MURRAY MCLAUGHLIN: The fibre optic cable will connect 8,000 people in Arnhem Land to high speed broadband by the end in this year. Another 2,000 will get access by the end of next year's dry season.

Most use of the new service will be made by schools and health centres.

Like many Top End communities, Oenpelli in west Arnhem Land is cut off every wet season.

JOAN TUPPOCK, OENPELLI CLINIC MANAGER: Well we get completely isolated by water, and when we had the flood on a few years ago, we didn't - and the cyclone the year before that - we didn't have any telecommunication at all.

MURRAY MCLAUGHLIN: Till now, the health centre at Oenpelli has relied on satellite communications and they drop out whenever there's a bad storm. The new cable will make services much more reliable and more accessible. In the new age of tele-medicine, staff at the clinic expect that X-rays will be able to be interpreted anywhere in Australia, and that the frequent patient flights to Darwin hospital will decrease.
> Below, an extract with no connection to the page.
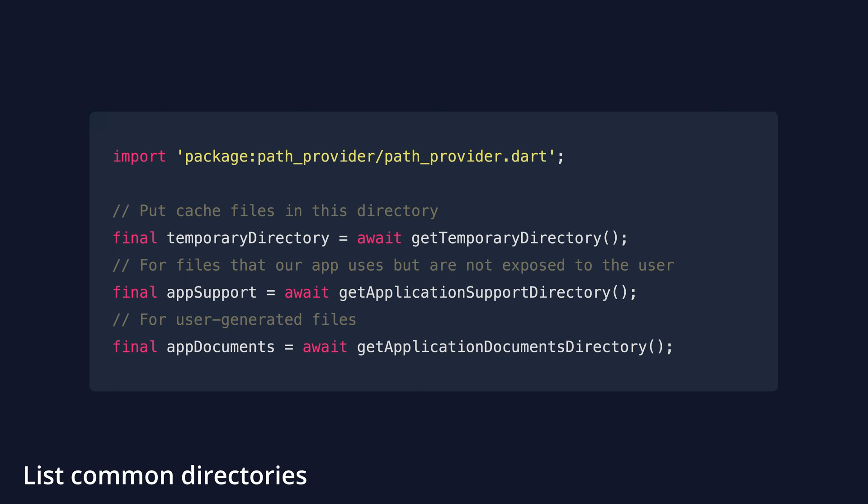For instance, we will use GetTemporaryDirectory for cache files. GetApplicationSupportDirectory will give us a path to put files that shouldn't be exposed to the user, while GetApplicationDocumentsDirectory will point to a path to store user-generated files. These are just some examples of paths that PathProvider gives us.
HUGH HEGGIE, KAKADU HEALTH SERVICE: Some of our monitoring equipment, our ECGs can be viewed in Darwin by a heart surgeon. Some of the acute care - when we have somebody in septic shock, we have to monitor a variety of biometric measurements. That can be done live with a consultant in Darwin.

MURRAY MCLAUGHLIN: The whole job has cost $34 million. Telstra says that in spite of the relatively low number of potential customers, the project will be economically viable because the Northern Territory Government and a large mining company have made capital contributions."



So a decade and a bit ago I built satellite broadband across Arnhem land, two years ago Telstra got OFT out to the place and the NBNCo wants to go back to a satellite service? Bizarre backwards step.



"The Groote Eylandt Fibre Project involved Telstra teams planning, designing, land access consultations and agreements , surveying, procuring and building infrastructure in this remote region.

Telstra installed 3.5km of terrestrial optic fibre and 95km of submarine cable between Numbulwar in Arnhem Land and Alyangula on Groote Eylandt, which is located in the top north-east portion of the Northern Territory coastline. This augmented the existing fibre 377km cable from Mataranka to Numbulwar.

Terrestrial works included the installation of beach-head manholes, laying the terrestrial cable from the beach-head sites to the terminating exchanges at Numbulwar and Alyangula, building and commissioning the 2.5Gbps Synchronous Digital Hierarchy (SDH) system to Katherine and infrastructure at the GEMCO mine.

The result of all this work has been an upgrade of the existing radio network to optical fibre transmission. Put simply, this means an increase in network robustness to the island, particularly during the tropical cyclone season.

In addition, the new optical fibre-based transmission system allows access to high-speed broadband services, improved Next G™ network backhaul, providing many benefits to the island’s remote communities of Numbulwar and Ngukurr.

The Eylandt has a population of approximately 2500 people and has medical facilities, police, and local government facilities and is a base for four schools in the area."

Abel Adamski


Mark, Mark.
Congratulations on doing so much for our remote indiginous communities and miners, a job well done.
Who paid the Bill?
Yes Telstra was paid and subsidised to service these remote communities and has done a very good job of it.
However that does nothing for the rest of rural Aust, yes I know Telstra was paid by the WA Govt to build a remote wireless/mobile network.
The Diamantina shire could do with some benefactors, will cost $22Mill to run fibre for them.
The common factor is the taxpayer and/or private companies paid or subsidised the construction.

You mentioned all the dark fibre, would you care to elucidate for the readers as to why that dark fibre is available. ?

We have a choice build for current needs, then have to do it all again as we outgrow those needs, do we really want a never ending install just constantly upgrading to current needs a section at a time.?
Or do we install for reasonably anticipated needs for the next 20+ years and as the income allows extend the fibre footprint, possibly with community, government and private sector involvement.